Ann Coulter and Vivek.
They sat down and talked.
About a lot yesterday, but namely immigration.
And of course you're seeing people now discussing how this was racist.
Don't care.
If you listen to the whole interview, they both make pretty good points.
I'm curious as to who you think made the better points, or with whom you think you line up more.
Comment below.
I think that Ann Coulter did a good job of articulating her points without giving much room for people to simply say that she's a racist.
I think that race does, or ethnicity, I should say, matters to a degree, and I think that some of her points were incorrect, and I think that Vivek made some good points, but maybe didn't articulate them As clearly as you would have liked, which is why he'll be on the show in just a short while here, about 15 minutes to clarify that.
But that brings us to this week's installment of, it's kind of Eye on India, but it's kind of Flying V. Yeah.
Flying V on India!
Flying V!
All right.
Well go through the highlights and sometimes I think this is why we make all of our references here publicly available because I noticed a lot of people talking about this interview and then saying well that's not true or is there anywhere I can find that so we tried to aggregate the points that maybe some people found contentious or uh felt as though they needed more research and we will
make all those references available to you as we do every day click
The link in the description lot of credit.com it started off with coulter telling
Uh vivek that she agreed with him, but could never vote for him
And this is something and coulter does she'll say something that maybe would offend someone obviously not vivek
To then make her point which was quite valid So and thanks for coming on and i'm looking forward to our
conversation today Me too.
Thanks for having me.
That was a fantastic opening monologue.
I too am a fan of yours.
I'm going to make a point of disagreeing with you so that it will be fun.

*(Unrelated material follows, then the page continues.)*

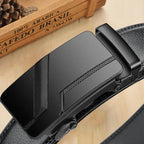 Cinto Masculino Vizencci Noene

You are so bright and articulate, and I guess I can call you articulate since you're not an American black.
Can't say that about them.
That's derogatory.
And that was a great opening segment.
Lots of things to talk about there.
Oh, and I agreed with many, many things you said during, in fact, probably more than most other candidates when you were running for president.
But I still would not have voted for you because you're an Indian.
We'll get back to that.
Um, and it's directly related to what you were just talking about.

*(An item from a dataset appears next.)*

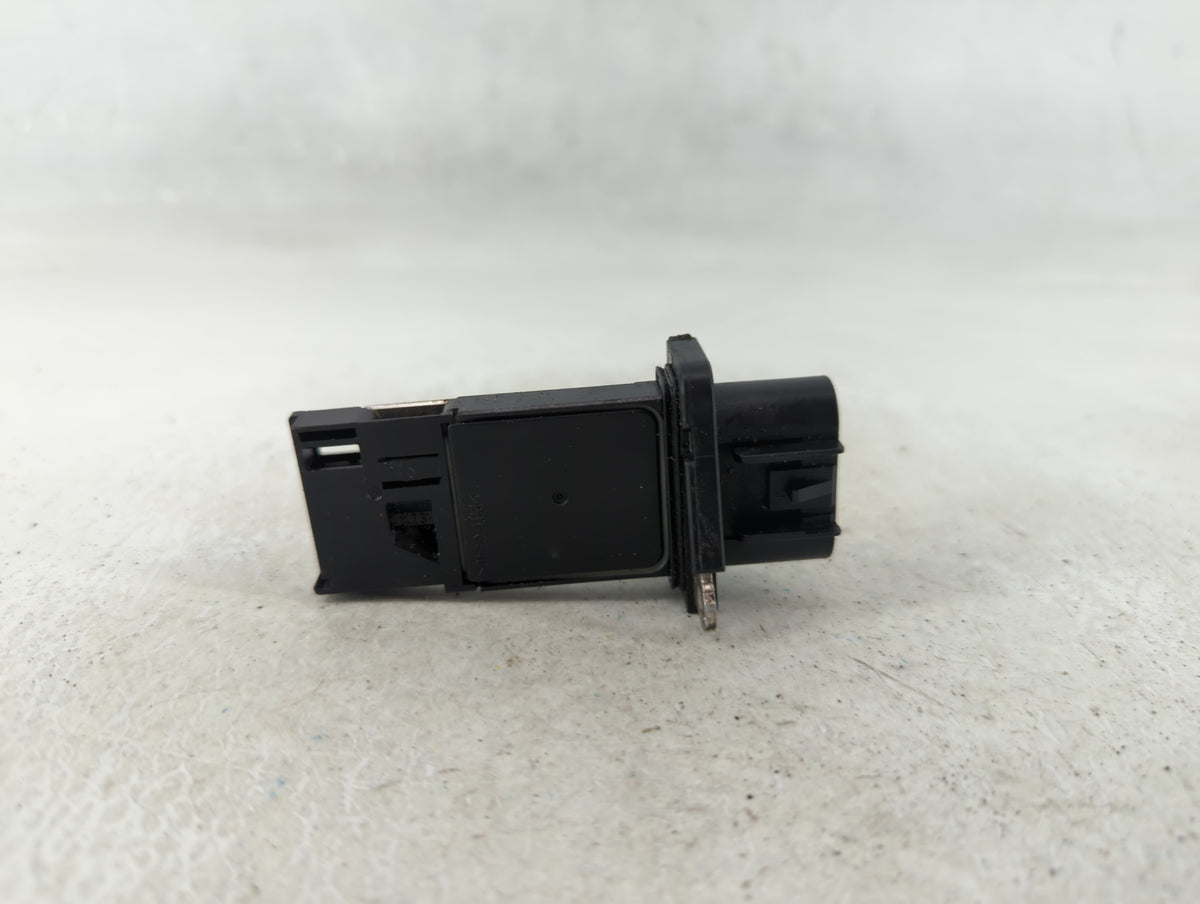 2008-2014 Chevrolet Malibu Mass Air Flow Meter Maf Sensor 656393 - Oemusedautoparts1.com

You know, the thing about nationalism, you're totally right, it is like, to use the word nationalism, oh, it's Hitler, it's Hitler.
And, you know, Hitler had soup.
That doesn't mean we shouldn't have soup.
Okay, so a couple things here.
First, I do very much appreciate that Ann Coulter has discovered an early YouTube home studio circa 2009.
That's true.
A Yeti mic and blue bed sheet.
But then she wore blue!
She's gonna blue screen herself out, she'll just be a head!
I also like soup, so.
Yes, I too like soup.
Hitler's still bad, right?
Yeah, Hitler's still bad.
Don't know if Pol Pot liked soup.
I hope that he didn't like soup.
Come on, don't ruin it for everybody.
It could have been Paul Cauldron.
Don't worry, we can edit that out.
That's right, we can't.
Now it's live.
They were kind of arguing, and here's one thing that I think people miss.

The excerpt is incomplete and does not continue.